Take a clove of garlic, basil or, when that is lacking, marjoram and parsley, grated Dutch and Parmigiano cheese and mix them with pine nuts and crush it all together in a mortar with a little butter until reduced to a paste. Then dissolve it with good and abundant oil. Lasagne and troffie are dressed with this mash, made more liquid by adding a little hot water without salt.


Modern Italians buy pesto readymade for simplicity, or else use a blender or food processor at home. Proper cooks still use a mortar and pestle though, because no other method creates the right texture, consistency, and blend of flavors. Here’s the list of ingredients from the winner of the 2012 Genoa Pesto World Championship.

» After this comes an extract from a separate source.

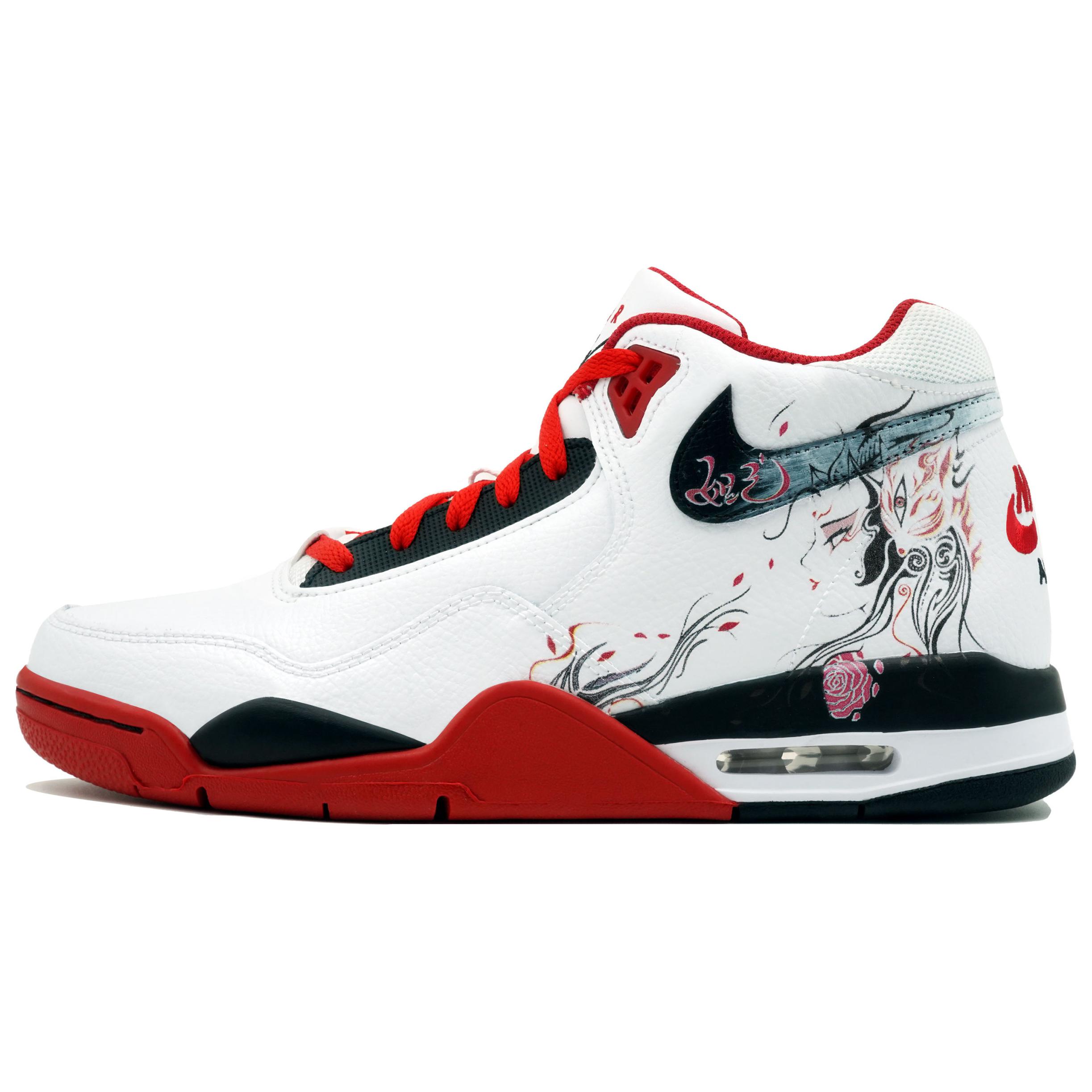 

Nike Flight Legacy Daji, The Enchantress Of A Thousand Flowers High top Vintage Basketball Shoes Unisex Red Black White BQ4212-100(Team113-) 44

4 bunches of fresh D.O.P. basil from Genova
30 grams (about 2 tablespoons) pine nuts
445-60 grams (about a pound) of aged Parmigiano-Reggiano cheese, grated
20-40 grams (about one ounce) of Pecorino cheese, grated
1-2 garlic cloves from Vassalico
10 grams (about 1.5 teaspoons) coarse salt
60-80 cc (1/4 to 1/3 cup) extra-virgin olive oil, D.O.P., from the Italian Riviera

D.O.P. is short for Denominazione di Origine Protetta (“Protected Designation of Origin”) which means that if you want to try to replicate this recipe you’re going to need basil grown in Genoa. Well, you’re going to need a host of ingredients from northern Italy. The main thing is to work quickly because you don’t want the ingredients to oxidize excessively whilst you work.

Rinse the freshly cut basil leaves in cold water and leave them to dry, without rubbing them. Crush the garlic clove and pine nuts in the mortar until smooth; add some of the salt and basil, and pound it some more. (According to the recipe, you should use “a light circular movement of the pestle against the sides). Keep going until the basil drips with a bright-green liquid. Then add the cheese and the oil to blend. Done !! Serve over pasta.